Pourquoi le Sénégal signe ?
Cette adhésion intervient dans un contexte d’accélération des ambitions spatiales sénégalaises : mise en orbite du premier nanosatellite, projets de téléobservation pour l’agriculture et la sécurité, formation d’ingénieurs locaux… Le pays veut se positionner comme un hub africain de la recherche et des technologies spatiales.
Les Accords Artémis offrent notamment l’accès à la coopération scientifique avec la NASA et ses partenaires; la participation à des missions spatiales futures; le renforcement des capacités techniques nationales.
Une signature sous tension diplomatique
Mais si la signature marque une avancée technologique, elle n’est pas neutre sur le plan diplomatique. Les Accords Artémis, bien que non contraignants, sont perçus par plusieurs puissances comme une initiative unilatérale américaine, qui contourne le cadre multilatéral de l’Onu sur le droit spatial.
La Chine et la Russie, non signataires, ont dénoncé une tentative de monopole sur l’espace et ses ressources, notamment lunaires.
Le timing ne manque pas d’interpeller : cette signature sénégalaise intervient quelques jours seulement après la visite du Premier ministre Ousmane Sonko à Pékin, où il a rencontré les dirigeants chinois pour renforcer la coopération stratégique bilatérale. «Le Sénégal risque de se retrouver tiraillé entre deux puissances spatiales concurrentes, au moment où il cherche encore à construire sa neutralité diplomatique», explique un chercheur en relations internationales basé à Genève.
Quelle position pour l’Afrique ?
Le Sénégal devient l’un des rares pays africains à signer les Accords Artémis, aux côtés du Nigeria, du Rwanda et de l’Angola.

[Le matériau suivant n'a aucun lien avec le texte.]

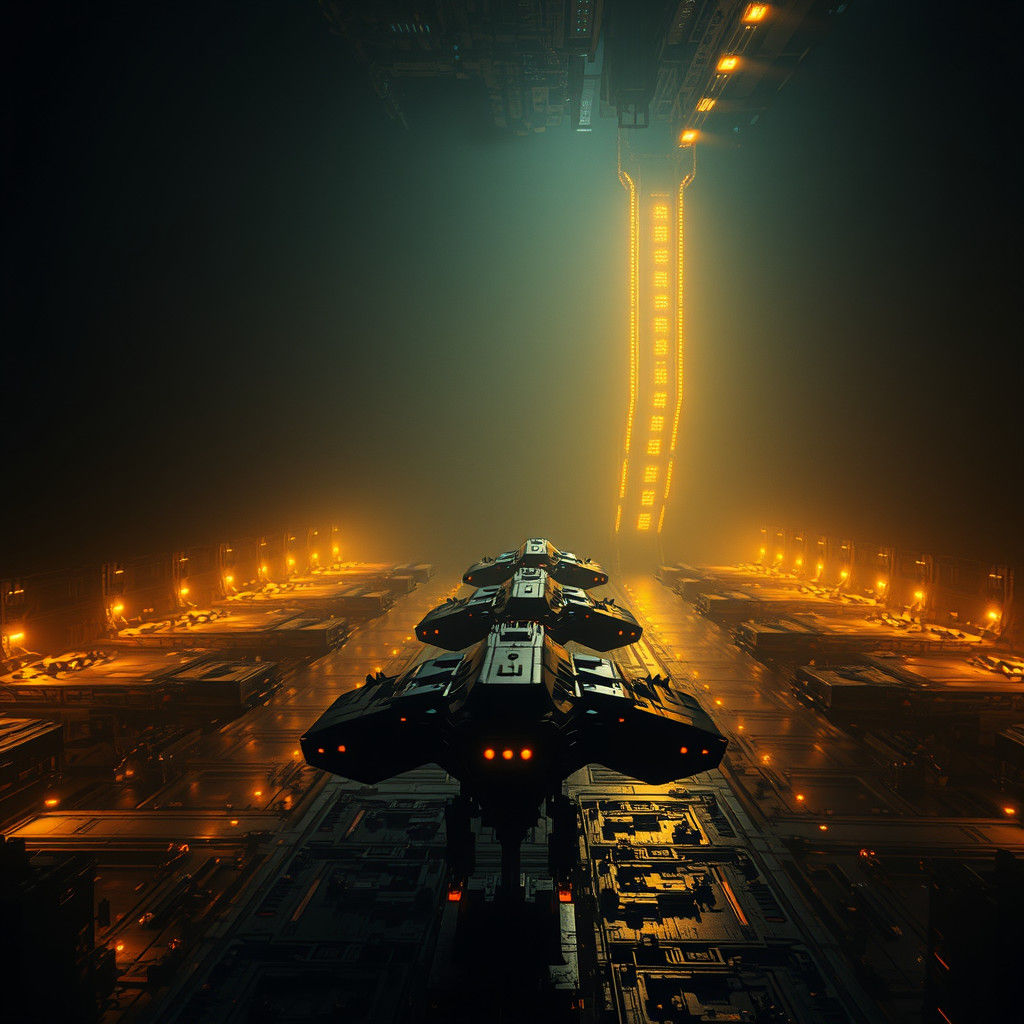 Cinematic Space Station Docking Bay in Film Noir Style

Ce geste renforce la présence africaine dans les discussions globales sur l’avenir spatial, mais pourrait aussi créer des lignes de fracture dans la diplomatie continentale, entre pays pro-occidentaux et pays non-alignés.
Le défi de l’équilibre stratégique
Dans un contexte de compétition spatiale croissante, Dakar devra faire preuve d’agilité. S’il veut tirer profit des opportunités offertes par les États-Unis via les Accords Artémis, le Sénégal ne pourra ignorer les ambitions de la Chine, qui a elle aussi lancé un programme lunaire et propose une alternative multipolaire à la gouvernance spatiale. «Le Sénégal joue gros : l’avenir de son programme spatial, mais aussi sa position d’arbitre diplomatique dans un monde de plus en plus polarisé», commente un diplomate sénégalais en poste à New York.
Le Sénégal entre dans une nouvelle ère. Avec la signature des Accords Artémis, il prend pied dans l’espace… mais aussi dans une zone d’influence mouvante, où science, géopolitique et souveraineté se disputent les trajectoires.